You have to look way back to see my rhyming. I have an index in fragments of forsaken <shamless plug> Sometimes I do rhyme naturally. I’ve got a long one “Mercy” that rhymed so naturally that I tried to make the rhyming consistent throughout the write but that messed it up. I tried to get rid of the rhyming and that messed it up. I tried to crunch three pages of poem into less than one and posted it. Immediately, replies came in saying something was missing. I posted the original and it was well received but it is a long one. I started out rhyming. It seems a natural beginning but mostly I needed a strict discipline to keep focused.
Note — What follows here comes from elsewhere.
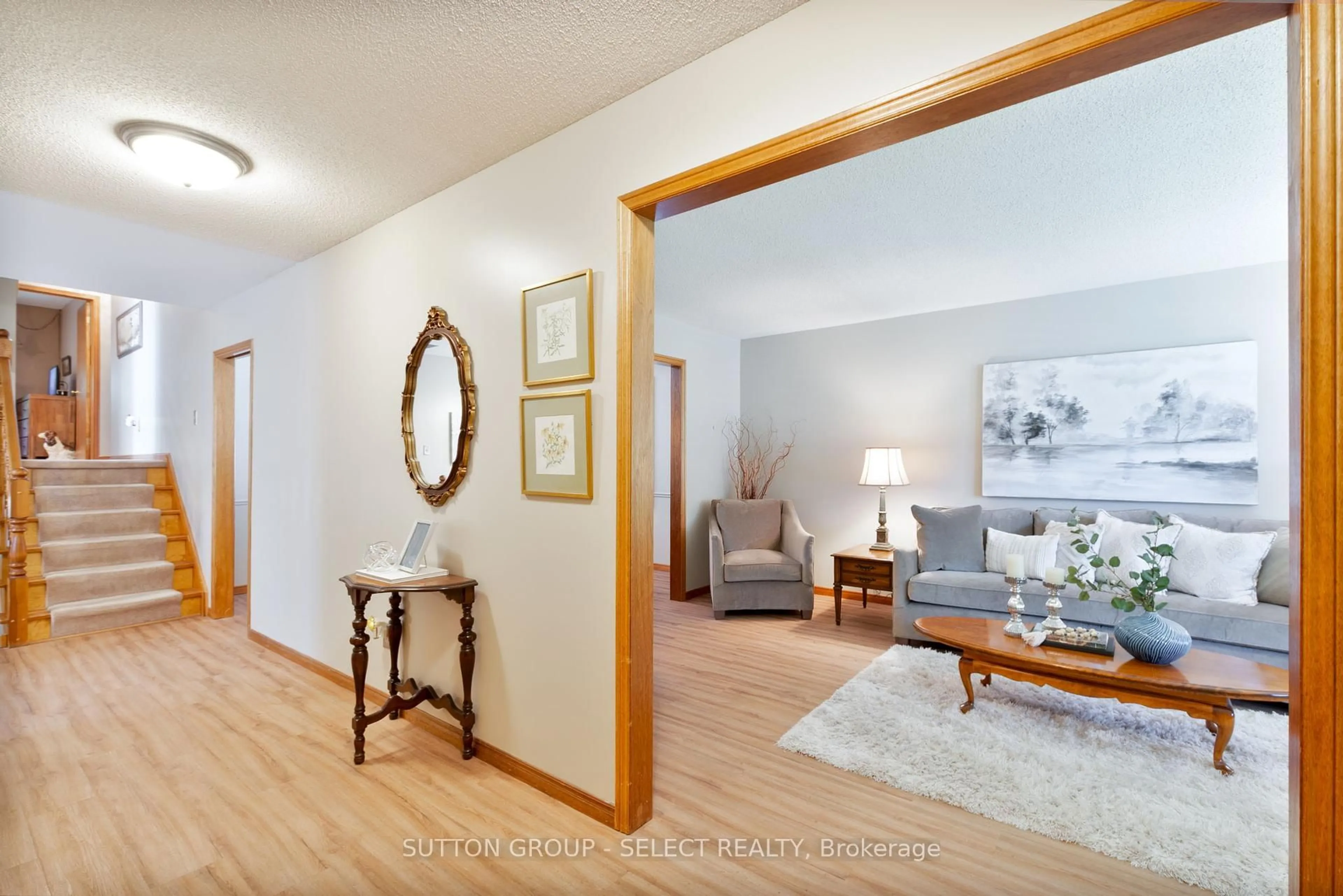 Indoor entryway for 18 Benedict Crt, London East Ontario N5Y 5H6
I use the quatrain often and still like its four line strophes even without the rhyming it makes for good flow. I think the real problem many people have with it today is that it has been done for so long and so well that it is hard to compete with it. You have to be real clever and use all the tricks of word choice you can to make it good an even then it gets compared to two centuries of the best poets the world has known. The Raven by Poe just ruined it for rhymers. How do you top that? I can’t even come close. So I worked my way out of all constraints and look for word combination with vivid imagery and/or deep emotion. The fact that I still start all my poems with the quatrain format does keep some rhyming alive in my poems but in a natural way because I’m not trying for that or forcing it to rhyme. I do it mostly for a good flow and rhythm. Looking at the poem now I see a few; untold –bowl, past-pass, more-before. More and before rhyme and the others only sort of rhyme but it’s close and feels a little rhymish. Hmmmm Now that I think about it I don’t like that. It feels like compromising and that never satisfies anyone and generally makes for a mediocre write at best. It’s still good but it could be better. I’m just not of a mind to F with it right now and I often don’t when I see it as finished in my mind. I do come back to them from time to time. I just fixed an old one yesterday, “My Song” and “”Our Worlds” has been scratching at the back of my brain too.